レオニスの泪
駅から、空港までは30分程で着いた。
夕方、確か17時台の便だと久世から聞いていたので、ギリギリだが時間はまだある。
但し、空港に着いてからが、問題だった。
携帯を耳に当てて、走り回っても、神成らしき人は見当たらない。
搭乗手続きをして、中に入ってしまったら、アウトだ。
ーー落ち着け。
動揺と焦りで、正しい判断が出来ない。
ゆっくりと深呼吸してから、まずはインフォメーションに向かう。
17時台のアメリカ行きを調べてもらおうとするが、アメリカと一重に行っても、沢山の行き先がある。ロサンゼルスなのかサンフランシスコなのかNYなのか、知らない。

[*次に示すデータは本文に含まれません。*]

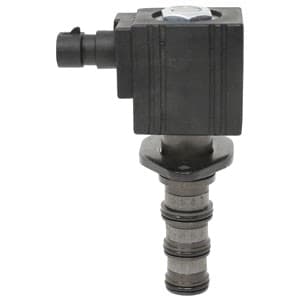 RE159089 - Solenoid Valve, PTO - Thumbnail 2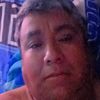 user207962631398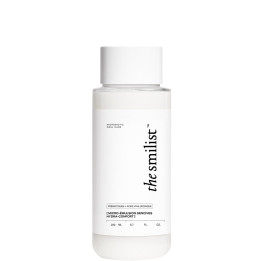 Hydra + Gum Care Micro-Émulsion Gencives Hydra-Confort 200 ml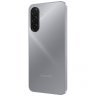 Смартфон Samsung Galaxy A17, 256 ГБ, Серый, Gray, SM-A175F08256GRY2S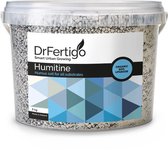 DrFertigo Humitine 5 kg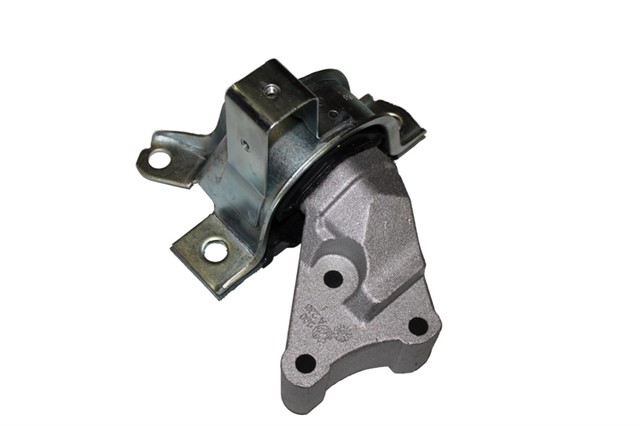 MOTOR TAKOZU DOBLO 1.3 MJTD 05 ORJINAL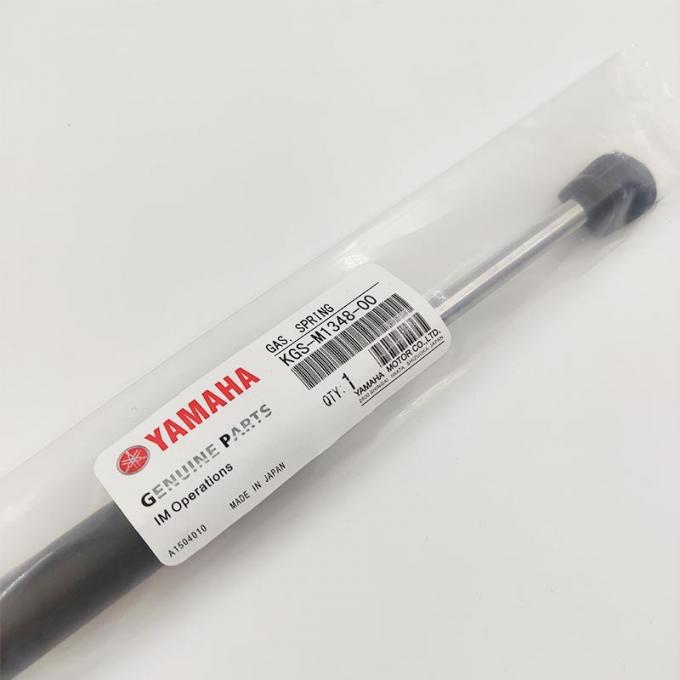 YG12 YG200 YS12 YS24 Yamaha SMT Machine Parts KGS-M1348-00X Gas Spring 4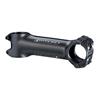 Potencia ritchey WCS C220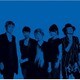 Aqua Timez／10th Anniversary Best BLUE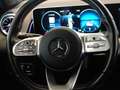 Mercedes-Benz GLB 200 2.0 D 4MATIC DCT 110KW (150CV) Blanc - thumbnail 20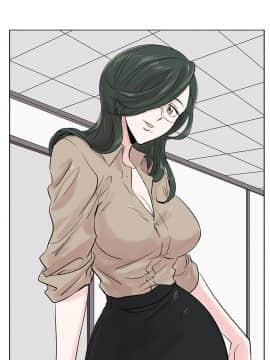 合理懷疑1-17話[完結]_08_0220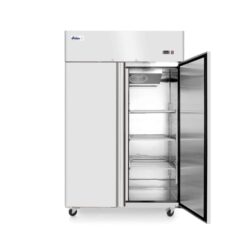 Szafa mroźnicza Profi Line - 1 240 L | Arktic 232149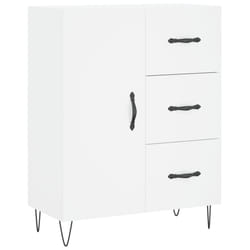 VidaXL 827908 living room sideboard/buffet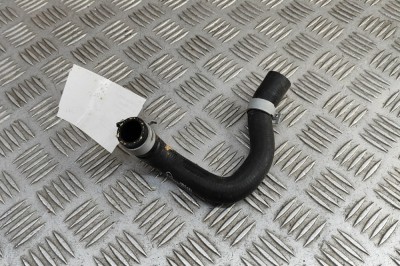 Furtun de lichid de răcire AUDI A5 Avant 2024 OEM: 8B3145934B | 31879869 foto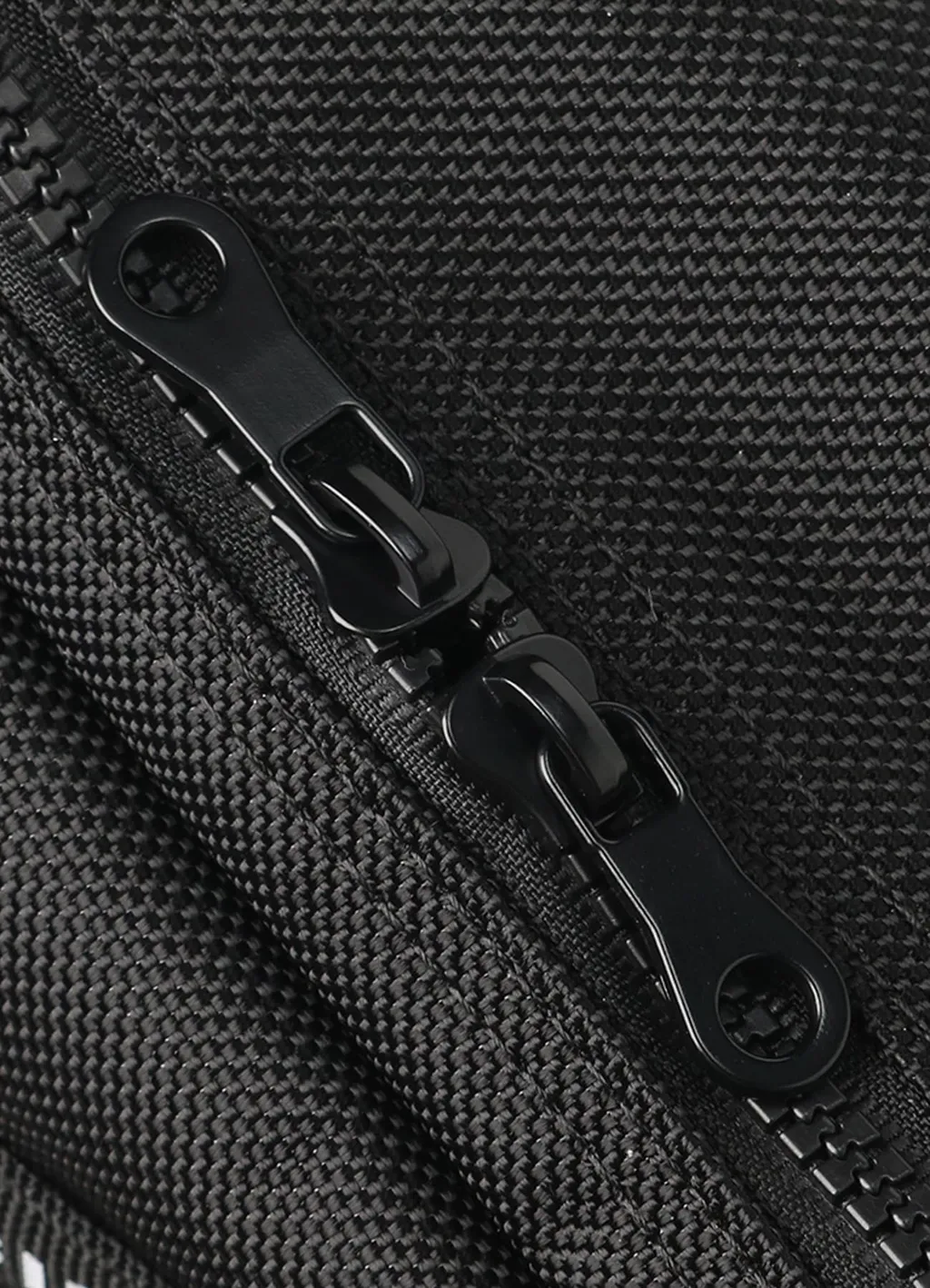 3Way Bag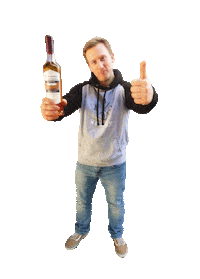 Well Done Yes Sticker by 82NC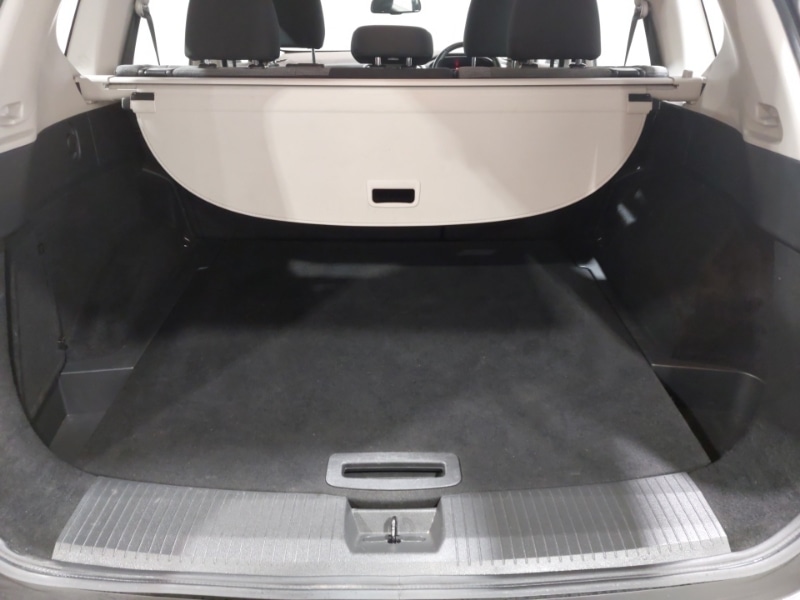 Used Nissan X-Trail 2024 for sale - 76885437: Photo 8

途方に暮れそうになるのを表情に出すのを堪えて、とりあえず17時台の便を全て書き出してもらい、それぞれのターミナルを教えてもらうが、確率に賭ける程、知識がない。
――どうしよう、わからない。
空港になんて来たこともないのだから、分かる筈もない。
様々な人種が入り混じるロビーで、気力がなくなりそうになる。
飲食店を片っ端から覗いてみるものの、神成らしき人は見当たらない。